In July, Babcock and Wilcox and Bechtel announced an alliance to design, license and deploy one of the world’s first commercially viable Generation III++ small modular nuclear power plants. The alliance, known as Generation mPower, will focus on the B&W mPower small modular reactor (SMR). Over the next two years, the alliance will continue to work on completing the application process to submit the 125 MW reactor for approval by the NRC.

A possibility for combating the high price of new nuclear power plant construction could be the SMR. The concept behind the SMR is to get a few hundred megawatts online and then begin installing more, while generating revenue and investing less capital.

“A lot of companies don’t have $11 billion to build large reactors, so small reactors can get going cheaper, at about $1 billion,” said Bailey.

And while TVA is currently building mostly large reactors, they have agreed to be part of the consortium to move forward with Babcock and Wilcox and Bechtel’s new small modular reactor design.

Speaking from the B&W and Bechtel consortium announcement in July, Ashok Bhatnagar, senior vice president of Nuclear Generation Development and Construction for TVA said, “we see the option of having a small modular reactor fit in very nicely within our strategic plan going forward.”

Depending on company needs and location, the SMR could give utilities and public power providers the option to go solo and own their own reactor. But NEI is seeing those companies currently partnering with experienced operators; the result of strict nuclear requirements. Of the 104 nuclear plants in the U.S., there are 85 owners and 25 operators.

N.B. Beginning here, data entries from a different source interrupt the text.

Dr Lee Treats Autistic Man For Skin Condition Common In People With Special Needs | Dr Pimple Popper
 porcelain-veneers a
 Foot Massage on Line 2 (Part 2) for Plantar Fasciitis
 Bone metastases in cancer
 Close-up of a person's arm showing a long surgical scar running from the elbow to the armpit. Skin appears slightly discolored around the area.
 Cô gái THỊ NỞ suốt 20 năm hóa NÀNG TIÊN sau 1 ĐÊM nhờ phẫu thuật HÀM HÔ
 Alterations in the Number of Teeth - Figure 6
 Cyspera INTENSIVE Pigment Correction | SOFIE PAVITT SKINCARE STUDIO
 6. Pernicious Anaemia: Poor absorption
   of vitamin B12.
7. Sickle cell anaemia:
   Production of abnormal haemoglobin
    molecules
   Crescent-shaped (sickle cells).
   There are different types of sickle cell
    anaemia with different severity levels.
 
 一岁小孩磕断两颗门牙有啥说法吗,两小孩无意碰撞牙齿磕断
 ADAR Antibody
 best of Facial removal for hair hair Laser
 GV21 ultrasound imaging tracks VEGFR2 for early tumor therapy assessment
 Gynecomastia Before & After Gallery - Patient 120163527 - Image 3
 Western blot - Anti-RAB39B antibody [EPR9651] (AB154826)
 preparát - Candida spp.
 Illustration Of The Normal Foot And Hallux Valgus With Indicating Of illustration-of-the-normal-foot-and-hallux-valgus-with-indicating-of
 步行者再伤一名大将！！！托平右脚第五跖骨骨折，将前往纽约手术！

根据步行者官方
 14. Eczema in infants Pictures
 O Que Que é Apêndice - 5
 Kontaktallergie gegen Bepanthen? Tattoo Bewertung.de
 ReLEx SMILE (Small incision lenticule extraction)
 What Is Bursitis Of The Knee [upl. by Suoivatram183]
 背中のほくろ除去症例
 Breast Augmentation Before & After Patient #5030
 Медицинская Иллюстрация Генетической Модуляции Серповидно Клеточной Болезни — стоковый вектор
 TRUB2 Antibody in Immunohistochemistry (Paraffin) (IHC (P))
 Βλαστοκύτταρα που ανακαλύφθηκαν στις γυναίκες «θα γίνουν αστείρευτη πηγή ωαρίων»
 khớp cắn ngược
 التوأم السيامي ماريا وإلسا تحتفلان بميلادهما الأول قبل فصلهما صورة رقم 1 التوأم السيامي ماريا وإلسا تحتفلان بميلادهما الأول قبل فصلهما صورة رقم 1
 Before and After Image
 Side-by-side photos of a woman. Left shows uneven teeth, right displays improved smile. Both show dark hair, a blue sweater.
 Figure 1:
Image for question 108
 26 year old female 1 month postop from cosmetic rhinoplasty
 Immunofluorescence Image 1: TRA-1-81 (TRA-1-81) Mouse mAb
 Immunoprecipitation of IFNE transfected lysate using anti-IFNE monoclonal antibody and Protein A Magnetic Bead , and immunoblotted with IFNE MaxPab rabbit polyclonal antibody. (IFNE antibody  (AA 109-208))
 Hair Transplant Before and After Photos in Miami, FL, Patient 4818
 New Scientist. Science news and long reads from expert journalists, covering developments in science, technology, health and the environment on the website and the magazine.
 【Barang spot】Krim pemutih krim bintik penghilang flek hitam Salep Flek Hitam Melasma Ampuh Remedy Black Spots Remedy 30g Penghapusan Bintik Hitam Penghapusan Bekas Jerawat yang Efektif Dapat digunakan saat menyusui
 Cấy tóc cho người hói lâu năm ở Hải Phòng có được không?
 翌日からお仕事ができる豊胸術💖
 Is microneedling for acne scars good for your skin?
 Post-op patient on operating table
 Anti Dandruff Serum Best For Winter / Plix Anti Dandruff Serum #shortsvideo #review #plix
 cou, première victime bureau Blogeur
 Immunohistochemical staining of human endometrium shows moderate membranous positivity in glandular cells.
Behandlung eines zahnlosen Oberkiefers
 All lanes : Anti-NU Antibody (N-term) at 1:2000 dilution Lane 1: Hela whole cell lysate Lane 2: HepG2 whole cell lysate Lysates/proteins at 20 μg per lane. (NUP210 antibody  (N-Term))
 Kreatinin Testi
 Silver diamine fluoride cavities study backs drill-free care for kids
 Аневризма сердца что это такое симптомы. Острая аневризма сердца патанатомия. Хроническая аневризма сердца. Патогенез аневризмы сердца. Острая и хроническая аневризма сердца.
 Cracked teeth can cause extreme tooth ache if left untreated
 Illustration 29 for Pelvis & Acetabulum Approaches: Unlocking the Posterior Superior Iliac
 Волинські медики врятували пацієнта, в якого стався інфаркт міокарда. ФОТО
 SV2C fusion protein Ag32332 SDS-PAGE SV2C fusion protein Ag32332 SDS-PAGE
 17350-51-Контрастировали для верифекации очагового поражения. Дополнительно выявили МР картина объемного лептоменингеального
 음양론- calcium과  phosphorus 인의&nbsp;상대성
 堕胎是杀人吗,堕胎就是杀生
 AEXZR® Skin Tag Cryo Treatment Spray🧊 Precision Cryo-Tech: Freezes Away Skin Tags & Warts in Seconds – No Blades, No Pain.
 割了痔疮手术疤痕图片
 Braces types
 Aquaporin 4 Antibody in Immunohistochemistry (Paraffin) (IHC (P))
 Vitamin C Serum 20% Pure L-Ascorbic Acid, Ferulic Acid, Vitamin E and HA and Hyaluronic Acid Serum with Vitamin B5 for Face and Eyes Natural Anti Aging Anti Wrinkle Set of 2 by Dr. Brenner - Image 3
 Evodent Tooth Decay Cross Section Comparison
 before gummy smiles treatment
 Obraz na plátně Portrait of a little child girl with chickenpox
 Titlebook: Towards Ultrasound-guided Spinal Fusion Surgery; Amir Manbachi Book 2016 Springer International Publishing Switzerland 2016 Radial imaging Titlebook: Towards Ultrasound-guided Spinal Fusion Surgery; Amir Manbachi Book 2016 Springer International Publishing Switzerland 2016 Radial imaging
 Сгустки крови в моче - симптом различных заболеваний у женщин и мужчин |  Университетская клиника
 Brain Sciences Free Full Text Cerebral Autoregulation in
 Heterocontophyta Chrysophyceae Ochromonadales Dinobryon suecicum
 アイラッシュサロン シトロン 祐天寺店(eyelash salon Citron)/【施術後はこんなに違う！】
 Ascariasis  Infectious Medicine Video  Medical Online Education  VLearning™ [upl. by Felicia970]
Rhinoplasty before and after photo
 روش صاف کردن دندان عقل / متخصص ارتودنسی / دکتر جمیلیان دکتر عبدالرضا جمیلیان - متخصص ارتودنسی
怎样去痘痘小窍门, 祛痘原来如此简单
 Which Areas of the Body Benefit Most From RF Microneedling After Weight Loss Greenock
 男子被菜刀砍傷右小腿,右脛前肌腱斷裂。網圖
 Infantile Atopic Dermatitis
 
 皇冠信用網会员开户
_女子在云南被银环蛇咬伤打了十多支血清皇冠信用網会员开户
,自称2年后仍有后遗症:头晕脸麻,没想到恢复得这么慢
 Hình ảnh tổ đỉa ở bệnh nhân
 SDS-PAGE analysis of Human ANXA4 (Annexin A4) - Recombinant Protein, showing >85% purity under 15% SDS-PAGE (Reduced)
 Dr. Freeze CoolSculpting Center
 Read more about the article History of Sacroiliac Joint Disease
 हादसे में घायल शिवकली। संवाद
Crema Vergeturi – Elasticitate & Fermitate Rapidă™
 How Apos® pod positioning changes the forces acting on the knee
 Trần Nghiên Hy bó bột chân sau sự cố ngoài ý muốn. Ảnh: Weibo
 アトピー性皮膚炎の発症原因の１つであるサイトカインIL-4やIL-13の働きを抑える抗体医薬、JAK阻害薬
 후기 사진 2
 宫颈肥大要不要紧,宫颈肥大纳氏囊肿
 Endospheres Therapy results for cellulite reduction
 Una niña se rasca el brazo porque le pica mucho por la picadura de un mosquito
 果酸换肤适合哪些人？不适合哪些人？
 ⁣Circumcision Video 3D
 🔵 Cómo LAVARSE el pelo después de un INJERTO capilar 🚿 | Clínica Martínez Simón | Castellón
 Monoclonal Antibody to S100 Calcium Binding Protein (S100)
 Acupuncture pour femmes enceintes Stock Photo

But the SMR can offer an alternative in the portfolio for the nuclear sector that is ready to grow. Companies also can cut costs on large nuclear reactor construction with modular design.

Of course, the upfront capital to develop and engineer the facility is going to be needed. But after that, “Once you have it in place it can potentially add the benefits by being able to manufacture the modules in a more controlled environment with an existing, skilled workforce,” said Bailey.

And to give customers certainty regarding the final cost, companies are opening manufacturing facilities to complete standardized design production.

Last year, Areva and Northrop Grumman agreed to a $360 million investment to build a manufacturing facility in Newport News, Va. to produce EPR heavy components, such as reactor vessels, steam generators and pressurizers in a standard, modular fashion.

And Shaw Modular Solutions, a unit of the Shaw Group, recently opened a 410,000 square-foot facility to fabricate, assemble and inspect large-scale nuclear power plant components, including the AP1000 units in China and in the U.S. at Plant Vogtle and V.C. Summer.

“Modular design,” said NEI’s Kass, “can absolutely lower costs.”